Modeling microbial growth based on time-dependent kinetic mechanisms of digestion and passage in the ruminoreticulum

Abstract

The original Cornell Net Carbohydrate and Protein System (CNCPS) model, which was developed in 1992 and revised in 2004, included a rumen submodel with a set of equations that were algebraically programmed in a spreadsheet to predict bacterial N flow to the caudal tract of cattle. In this study, we propose a modification to the original CNCPS rumen submodel based on mathematical concepts that simulate the flow paths of solids and liquid in the rumen, which are known to be essential factors affecting rumen fermentation and microbial growth. This modification allows the quantification of the impact of aging mechanisms on the availability of both soluble and insoluble substrates for microbial growth in the rumen.

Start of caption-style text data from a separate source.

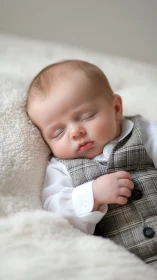 Sleeping newborn draped in soft plaid fabric with luminous skin tones.
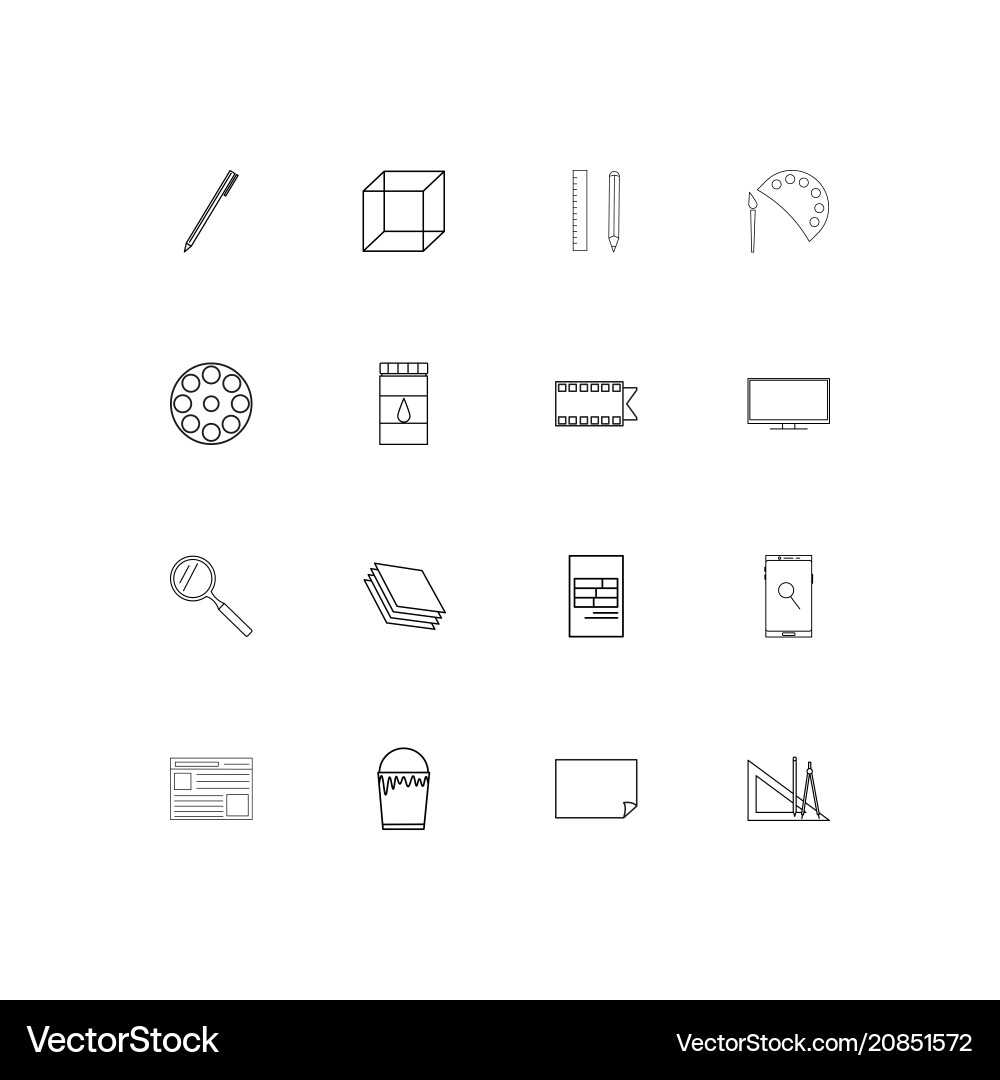 Creative process and design linear thin icons set Vector Image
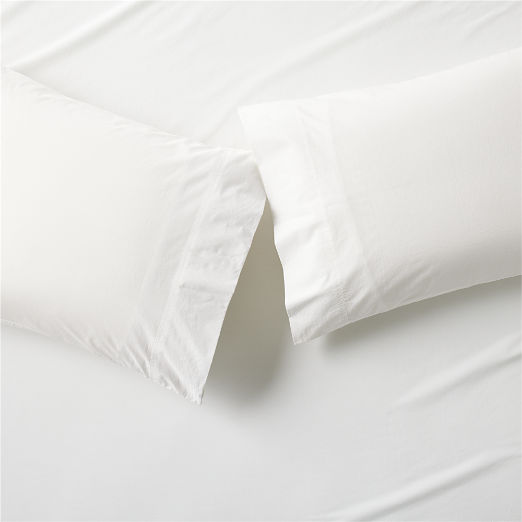 Dione Organic Cotton Washed Percale 400 Thread Count White Pillowcases Set of 2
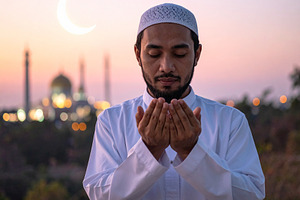 Serene ramadan prayer medium shot portrait, a Person Photo by DanFLCreativo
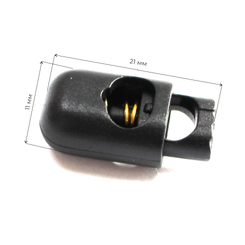 ABS2111 Фиксатор для шнура однодырочный, пластиковый, отв. 6 мм, 21x11 мм, (1*1000) черный 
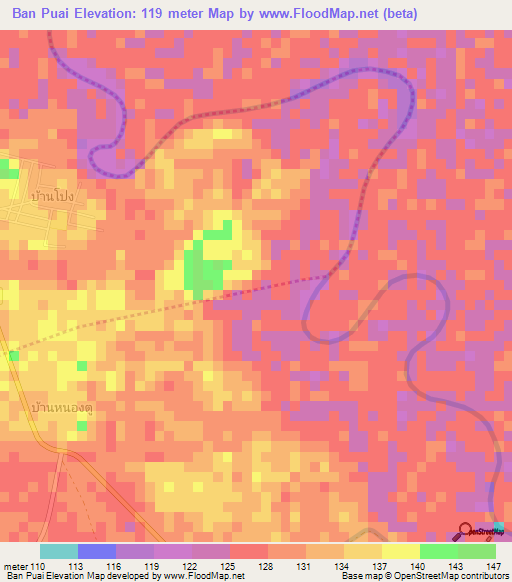 Ban Puai,Thailand Elevation Map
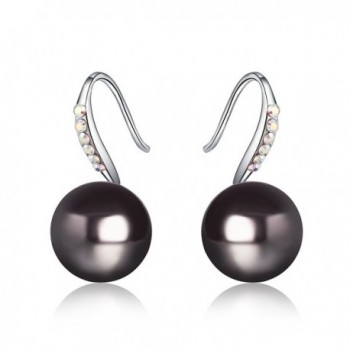 Dangle Earrings 10mm Shell Pearl Prong Setting Made with Swarovski Crystals Women Jewelry - Grey - CA1842DLW9U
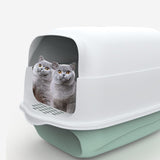 Maxbell Large Cat Litter Box with Lid Fully Enclosed with Door Cat Toilet Reusable Green Bottom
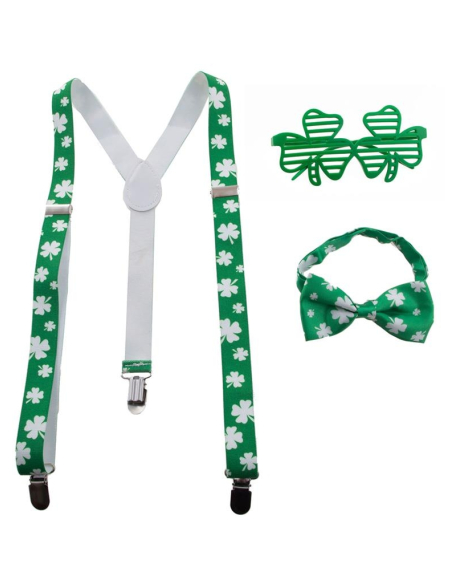 Set Saint-Patrick, lunettes, bretelles et noeud-papillon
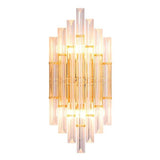 Gold Columnar Crystal Bedroom Wall Lights - Clowas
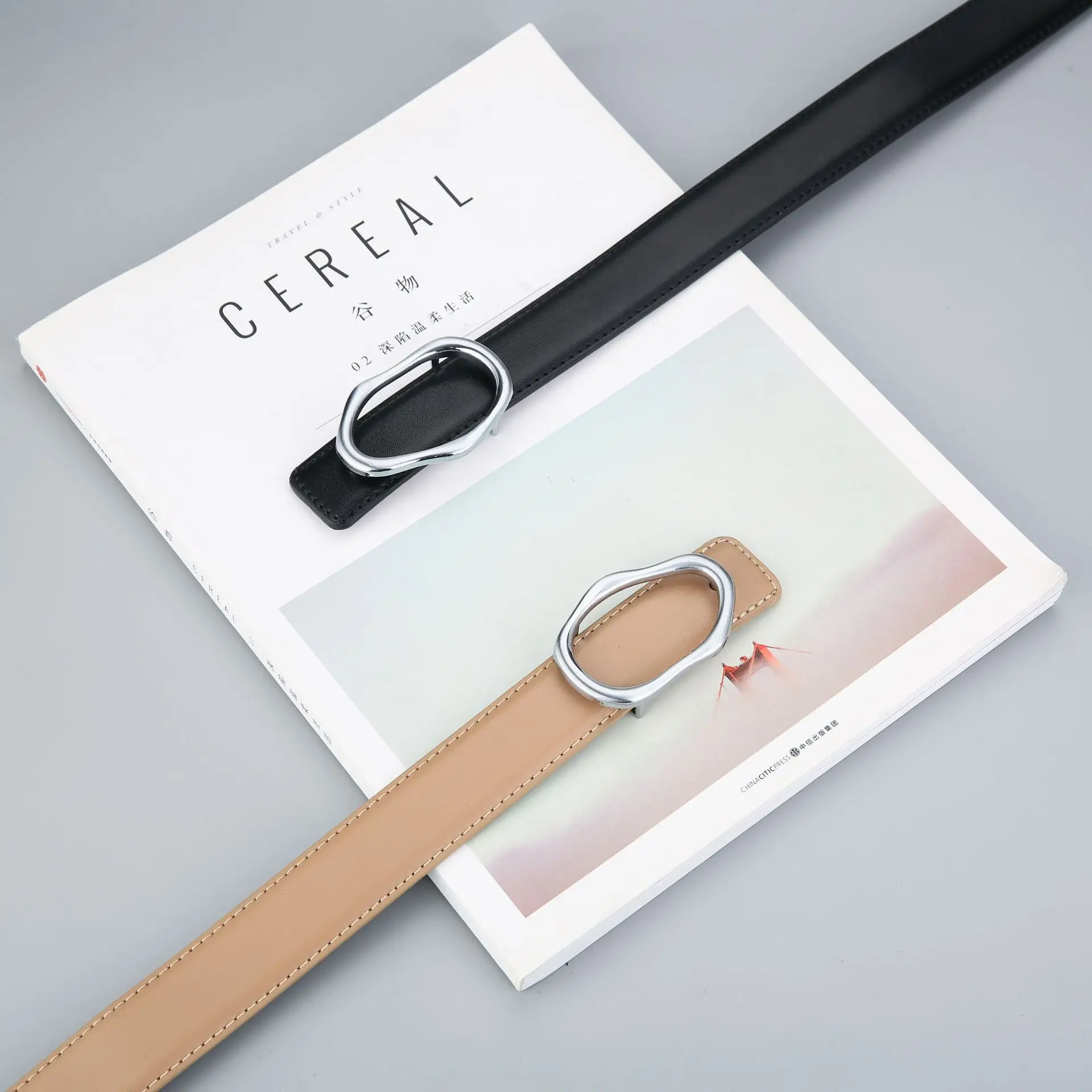 Men's Black Genuine Leather Belt with Silver Buckle - Image 7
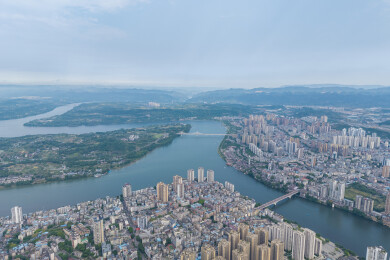 重庆市合川区城市全景鸟瞰航拍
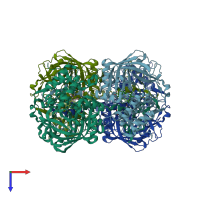 PDB entry 2j2m coloured by chain, top view.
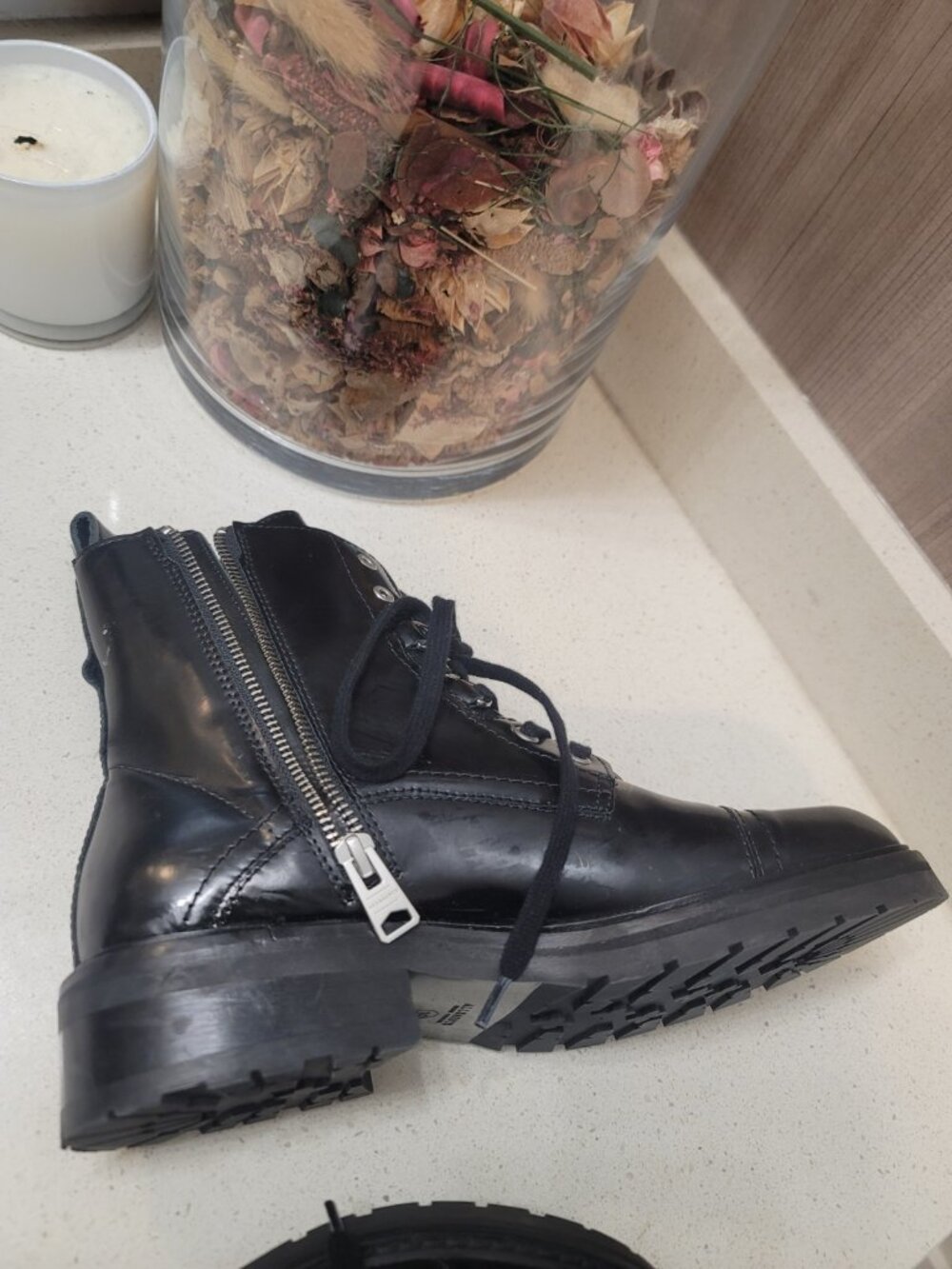 AllSaints Black Women's Leather Lira Hiker Black Boots Size 39 EU - Picture 8 of 8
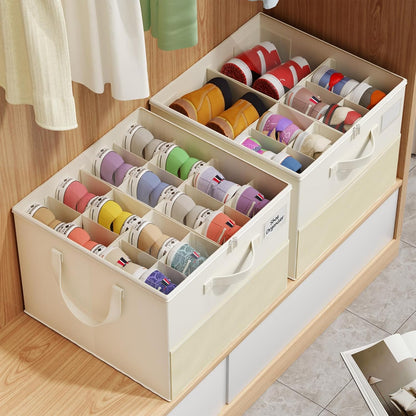 NestOrganix Shoe Organizer - 2 Pack Large Foldable Storage Boxes with Adjustable Dividers | Beige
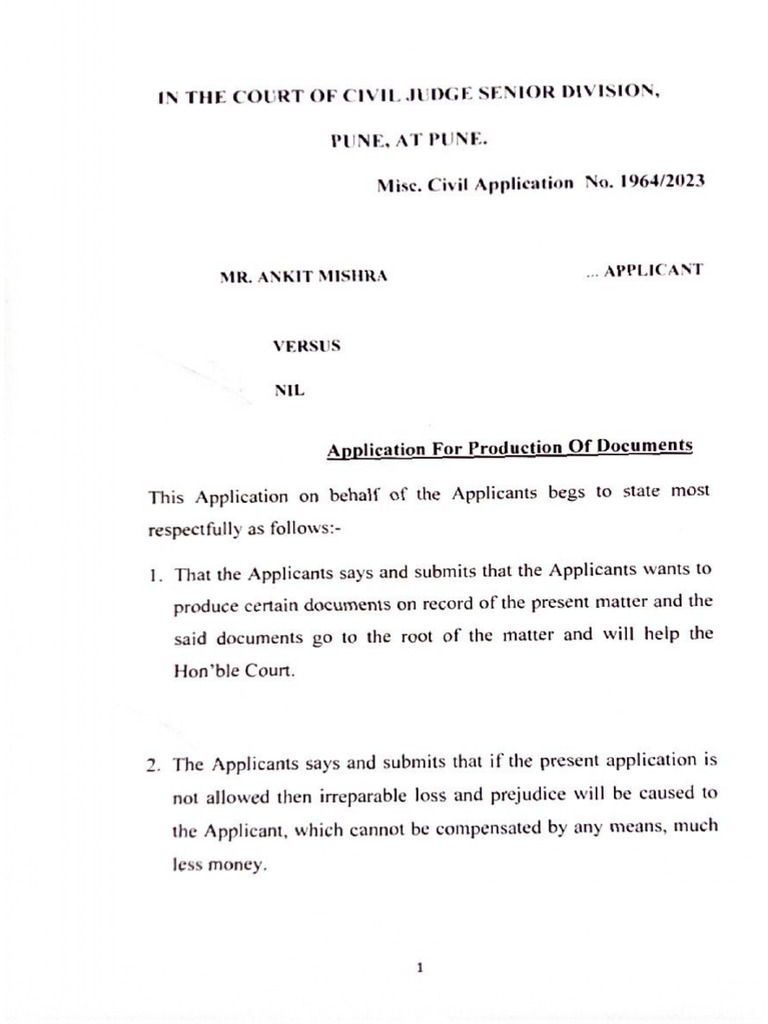 Application Document Producation | PDF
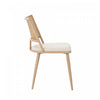 Oliver Modern Dining Chairs with PU Upholstered and PE Rattan Backrest Set of 4,Beige  | Chaises de salle a manger modernes Oliver avec assise rembourree en PU et dossier en rotin PE, lot de 4, beige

Additionally, a correction has been proposed on peptide uptake by rumen bacteria. Literature data were used to evaluate the model adequacy of CNCPS versions 1992 and 2004, along with the proposed model, to determine their ability to predict bacterial N flow. The proposed model more accurately predicted the variable of interest, but there was an overall underprediction bias. Despite the rightful critics of the ability of mechanistic models to predict microbial crude protein flow from the rumen, the 1992 and 2004 versions of the CNCPS and the proposed modifications implemented within the CNCPS framework led to predictions that agreed with observational data at a discordance rate of 0.05, tolerance probabilities <0.001 for versions 1992 and 2004, and a tolerance probability equal to 0.13 for the proposed model given a sample size $n=39$. Therefore, the proposed modifications might improve the ability of CNCPS-based models to predict the bacterial N flow from the rumen, thereby resulting in improved predictive performance compared to the original CNCPS model. Thus, it seems that models built on time-dependent kinetics of food particles and fluid are more fitting than time-independent ones to predict bacterial N flow to the caudal tract.